Byron Wien, chief investment strategist for Pequot Capital, expects oil prices to rise amid an economic rebound next year.
He told CNBC that energy prices have essentially bottomed, though they could slip a bit further.
“I think they’ll be higher next year, possibly a lot higher, because I think the world economy will recover late in the year.”
As a result, Wien views energy stocks as attractive. But he sees corporate bonds as the “most attractive” investment area.
“You get a very good current return, close to 10 percent in quality corporate bonds, and the possibility of capital appreciation as well.”
Stocks won’t be able to recover before corporate bonds, Wien maintains.
As for municipal bonds, “yields are irresistible: 5 percent triple tax-free,” he says. “But the other side of this is that a lot of state and local governments are in terrible shape.”

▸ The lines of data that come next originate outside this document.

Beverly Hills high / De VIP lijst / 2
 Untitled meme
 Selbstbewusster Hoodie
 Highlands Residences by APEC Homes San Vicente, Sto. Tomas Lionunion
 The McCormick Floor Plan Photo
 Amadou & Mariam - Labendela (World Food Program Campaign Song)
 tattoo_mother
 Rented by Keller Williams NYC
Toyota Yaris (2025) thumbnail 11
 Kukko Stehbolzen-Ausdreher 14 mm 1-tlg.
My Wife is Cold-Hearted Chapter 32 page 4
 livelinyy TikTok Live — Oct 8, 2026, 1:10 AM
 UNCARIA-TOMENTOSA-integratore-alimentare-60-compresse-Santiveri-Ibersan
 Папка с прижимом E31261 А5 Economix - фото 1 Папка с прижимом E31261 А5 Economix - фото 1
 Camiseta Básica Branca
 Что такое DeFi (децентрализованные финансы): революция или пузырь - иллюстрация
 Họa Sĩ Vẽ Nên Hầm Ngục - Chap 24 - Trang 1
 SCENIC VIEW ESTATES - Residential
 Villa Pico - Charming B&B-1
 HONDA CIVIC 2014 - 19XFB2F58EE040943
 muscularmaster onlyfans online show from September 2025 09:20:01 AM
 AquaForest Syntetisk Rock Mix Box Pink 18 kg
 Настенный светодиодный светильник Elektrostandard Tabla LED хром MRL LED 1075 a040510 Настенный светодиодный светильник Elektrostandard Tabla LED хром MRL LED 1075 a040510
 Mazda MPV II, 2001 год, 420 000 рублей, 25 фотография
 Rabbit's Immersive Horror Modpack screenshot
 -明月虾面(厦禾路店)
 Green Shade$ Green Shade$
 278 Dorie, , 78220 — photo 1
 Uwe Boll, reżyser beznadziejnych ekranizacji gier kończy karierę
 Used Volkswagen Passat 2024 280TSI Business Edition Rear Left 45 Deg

Wien foresees a slow economic and market rebound.
“I think the economy’s going to recover, and the market’s going to recover,” he says.
“But it isn’t going to be the snapback recovery that we’ve seen in earlier cycles.”
If the incoming administration's fiscal policies are appropriate, the U.S. economy could begin to grow again in 2010, says NYU economist Nouriel Roubini.
"The only risk is that the recovery of growth could be so weak that it feels like a recession even though we are technically out of it," Roubini told U.S. News.